Quarta-feira da II Semana da Quaresma
«Ele é propiciação pelos nossos pecados; e não somente pelos nossos, mas
também pelos de todo o mundo» (1 Jo 2, 2)
I. Propriamente falando, satisfaz pela ofensa quem, ao ofendido, oferece
algo que este ame tanto ou mais do que odeia a ofensa. Ora, Cristo,
sofrendo por obediência e caridade, ofereceu a Deus um bem maior do que
o exigido pela recompensa da ofensa total do gênero humano. Assim,
primeiro, pela grandeza da caridade, pela qual sofria. Segundo, pela
dignidade de sua vida, que oferecia em satisfação, que era a vida de Deus e
do homem. Terceiro, por causa da generalidade da Paixão e da grandeza
da dor assumida. Por onde, a Paixão de Cristo foi uma satisfação não só
suficiente, mas superabundante pelos pecados do gênero humano, segundo
aquilo do Evangelho: «Ele é a propiciação pelos nossos pecados, e não somente
pelos nossos, mas também pelos de todo o mundo» (Mt 20, 19).

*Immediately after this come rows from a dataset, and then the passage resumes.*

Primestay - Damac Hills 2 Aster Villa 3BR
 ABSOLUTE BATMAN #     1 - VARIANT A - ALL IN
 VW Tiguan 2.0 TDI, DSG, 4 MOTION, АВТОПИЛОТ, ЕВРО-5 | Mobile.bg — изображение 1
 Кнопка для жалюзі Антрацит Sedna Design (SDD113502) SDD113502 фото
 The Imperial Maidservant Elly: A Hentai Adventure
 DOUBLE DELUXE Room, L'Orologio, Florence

Em verdade, quem peca é que deve dar satisfação; porém, a cabeça e os
membros constituem uma como pessoa mística. Por isso, a satisfação de
Cristo pertence a todos os fiéis, como aos seus membros. Assim, também
quando dois homens estão unidos pela caridade, um pode satisfazer por
outro.
III, q. XLVIII, a. II
II. Ainda que Cristo tenha, com sua morte, satisfeito suficientemente pelo
pecado original, não é inconveniente que as penalidades conseqüentes
deste pecado permaneçam ainda naqueles que participam da redenção de
Cristo. Com efeito, que a pena continue mesmo após a abolição da culpa, é
algo em que se encontra harmonia e utilidade:
1. Para que exista conformidade entre os fiéis e Cristo, como entre os
membros e a cabeça. Ora, assim como Cristo suportou muitos sofrimentos
até chegar a glória da imortalidade, assim convinha que seus fiéis passassem
por sofrimentos até chegarem a imortalidade; trazem em si mesmos as
marcas da Paixão de Cristo, por assim dizer, para obter uma glória
semelhante a sua.
2. Pois, se os homens que vêm ao Cristo recebessem prontamente a
imortalidade e a impassibilidade, muitos homens se aproximariam do
Cristo mais por causa destes benefícios corporais que pelos bens
espirituais, o que vai contra a intenção de Cristo, que veio ao mundo para
levar os homens, do amor das coisas corporais, ao amor das espirituais.
3. Enfim, se os que se aproximam de Cristo se tornassem,
instantaneamente, impassíveis e imortais, isto, de certo modo, os
compeliria a abraçar a fé de Cristo. O que diminuiria o mérito da fé.
Contr. 4, 55.
(P. D. Mézard, O. P., Meditationes ex Operibus S. Thomae.)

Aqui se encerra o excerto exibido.